El miedo se ha transformado. Éste es un mundo distinto al de Poe o al de Maupassant, aunque conserva algunas coincidencias. Es el mismo monstruo, pero en otra piel, con otras piernas; como un nahual, se ha convertido en una criatura urbana que no conoce fronteras: asaltos, secuestros, asesinatos; violencia que escala de manera incontrolable hacia la cumbre de una sociedad asustada, escondida en sus propios monstruos: morirse, perder el trabajo, caer en un bache o convertirse en padre de un día para otro.
Con la novela Vidas perpendiculares, Álvaro Enrigue, escritor nacido en la Ciudad de México, traza un personaje que en su niñez recuerda una serie de vidas –y muertes– que le ocurrieron en otro tiempo, con otro cuerpo, pero que siguen marcadas con el mismo espíritu, entre el miedo de la niñez y el que provoca el recuerdo vívido de un soldado romano que le persigue al umbral de su casa para matarlo.

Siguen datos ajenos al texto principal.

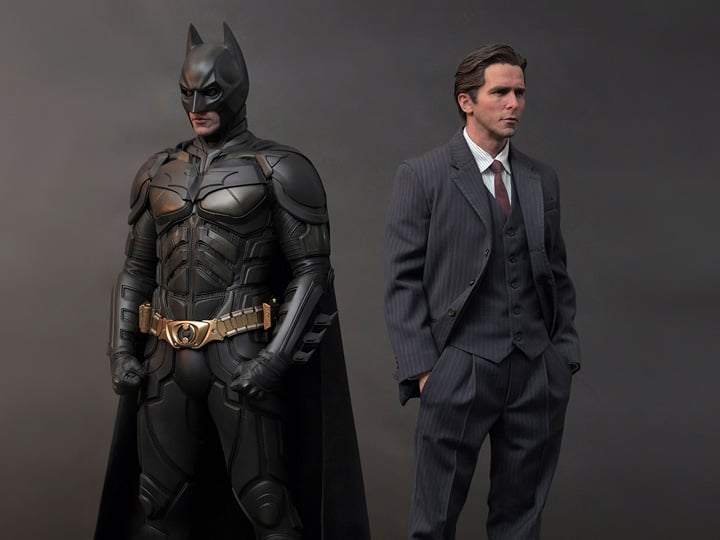 The Dark Knight Rises Hyperreal Batman (Dual Ver.) 1/3 Scale Statue Gallery Image 1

La sociedad enfrenta un sinfín de miedos: el desasosiego de perder una vida digna; el miedo a que le sean arrebatados sus mínimos derechos como persona; el hombre simple que se aterra por el hecho de caminar al trabajo y encontrarse con una balacera, una bala perdida o un retén militar ansioso de un chivo expiatorio; como ballenas varadas ante la playa del destino o como autómatas en camino a la destrucción en una fábrica de incertidumbre creada por ellos mismos. Peces en un estanque sin escape alguno. Miedos de pueblo o terrores de ciudad. La piel de gallina que elude las clases sociales, los intelectos y las fronteras; el miedo ancestral a lo divino o hacia aquello que no se puede entender, que no se puede explicar y que existe en los pequeños resquicios de nuestro cerebro animal. Ese miedo primitivo a la muerte que dibuja Milorad Pavic en algunas historias del Diccionario Jázaro, como la de la princesa Ateh, que se hacía pintar en los párpados algunas letras del prohibido alfabeto jázaro –cada carácter mata en el momento en que se lee–, para dormir sin miedo a sus enemigos; un día, postrada frente a sus dos espejos mágicos (el que mostraba las cosas pasadas y el de las futuras), despierta y sin lavarse la cara, ve su imagen en dos parpadeos. Los espejos que reflejan el antes y el después, le regresan la imagen de las letras dibujadas en los párpados. Murió asesinada simultáneamente por las letras del pasado y del futuro.